The alarming rise in measles infections across Bangladesh, accompanied by an increasing number of child deaths, is not merely a seasonal outbreak, it is a stark warning. It exposes systemic weaknesses in healthcare delivery, from inadequate intensive care facilities to persistent gaps in routine immunization. What makes this crisis particularly tragic is that measles is entirely preventable, and many of these deaths need not have occurred.
The situation unfolding in hospitals like Rajshahi Medical College Hospital reflects a broader national emergency. With only a handful of pediatric ICU beds and dozens of critically ill children waiting, the healthcare system is being pushed beyond its limits.

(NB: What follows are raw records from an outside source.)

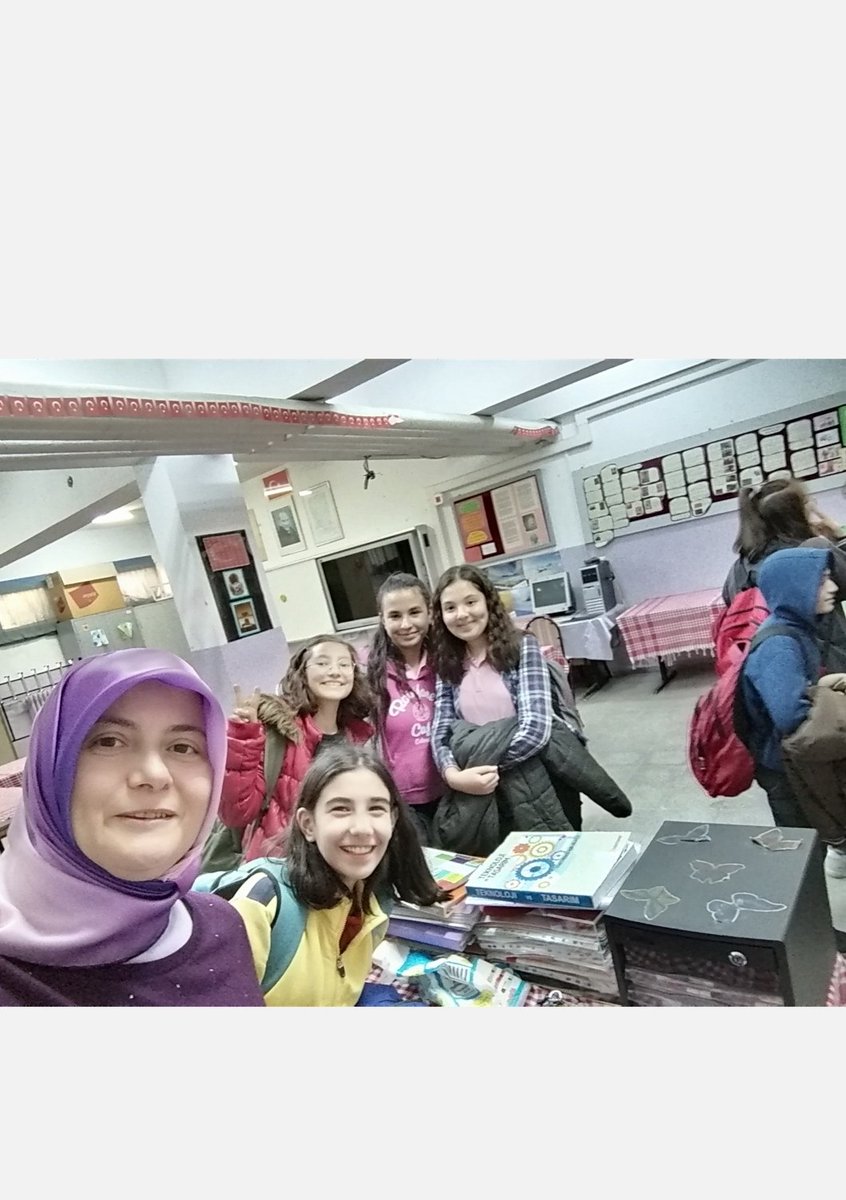 kardelen067134's tweet photo. ders bitip atölyeyi terk etmeyen çocukların dersidir TEKNOLOJİ VE TASARIM DERSİ #TeknolojiveTasarımDersimiz
 #TeknolojiveTasarımDersimiz @ziyaselcuk @varank @Habip_Asan @cemgencoglu @adnanboyaci @bdonmez44 https://t.co/WaptXr5Lkx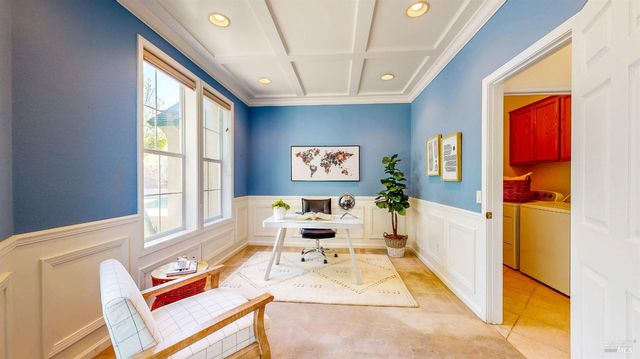 1916 Falcon Ridge Dr, Petaluma, CA 94954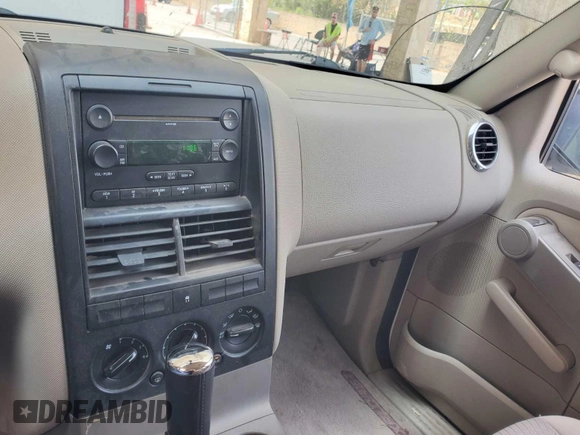 2006 Ford Explorer XLS z VIN 1FMEU62E26UB17291, wystawiony jako IAAI lot #42378335 z przebiegiem 158 911 mil mil oraz . Historia ofert i sprzedaży dostępna na DreamBid. Obrazek 15.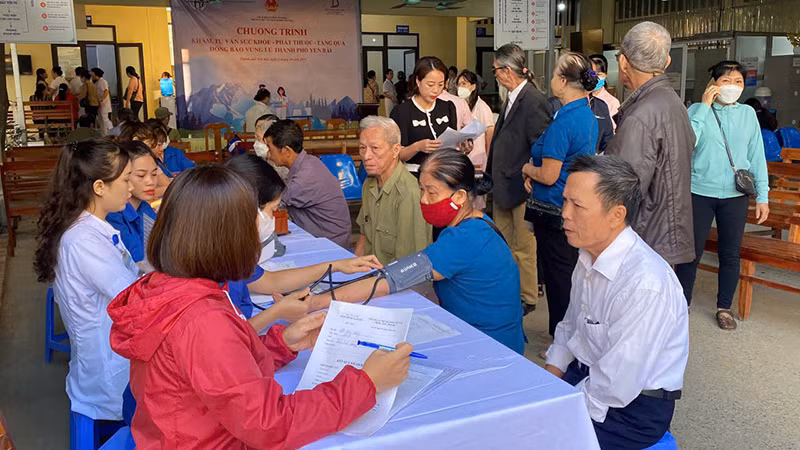 Đo huyết áp, khám bệnh cho nhân dân thành phố Yên Bái.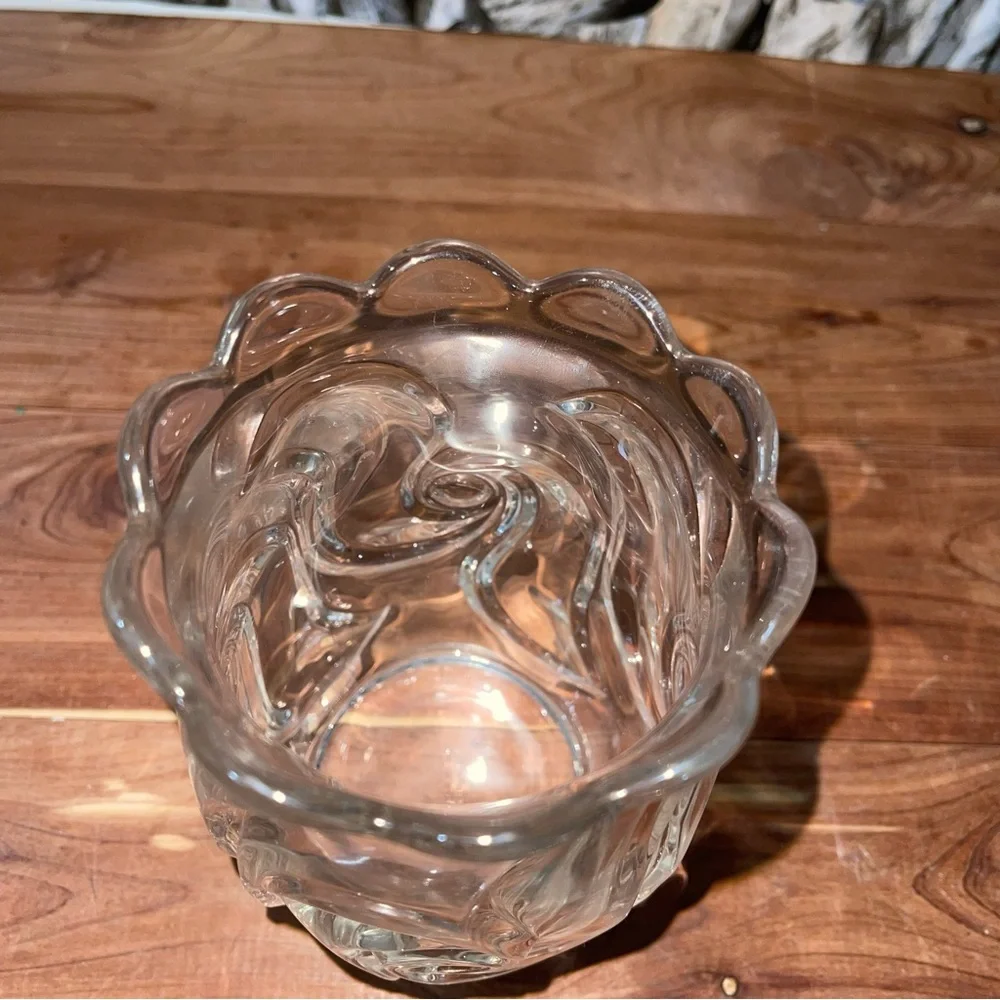 Decorative Clear Scalloped Glass Vase with Swirl Motif Gorgeous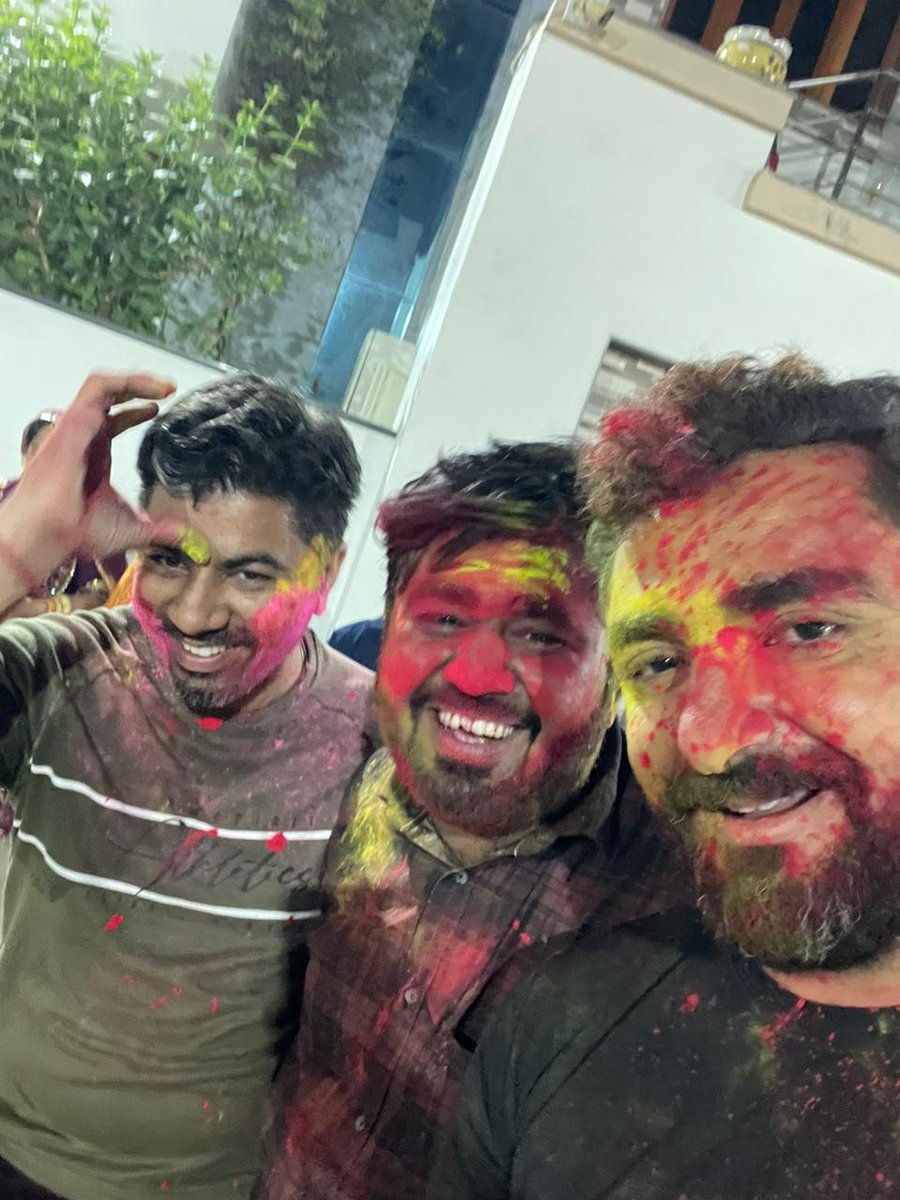 kamlesh_paryani's tweet image. Sharing some Beautifull Mind-blowing Vedios &amp;amp; Picture Of Our Ramapeer Garbi Chwok we All #Freinds &amp;amp; #Family Arranged Holi Night #StreetGame #DesiGames for All Families Kids &amp;amp; Enjoy Alot with Lots of #fun #Masti with eachother
#HoliFestival #familytime #kamleshparyani #kp #KP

When families are forced to watch their children deteriorate due to lack of critical care, it raises a fundamental question: how prepared is the country to protect its youngest citizens?
The shortage of ICU facilities is not new, but the current outbreak has magnified its consequences. With over half of ICU beds concentrated in Dhaka, access to life-saving treatment remains a matter of geography rather than need. Even more concerning is the fact that many districts still lack any ICU capacity at all, while existing units struggle with staffing shortages and outdated equipment. The result is a fragile system that falters under pressure.
Equally troubling is the collapse of temporary healthcare expansions introduced during the COVID-19 pandemic. The discontinuation of ICU services and the loss of trained personnel following the end of emergency projects in 2024 reveal a lack of foresight. Investments made during crises must be sustained and integrated into the permanent health system, not dismantled when immediate threats subside.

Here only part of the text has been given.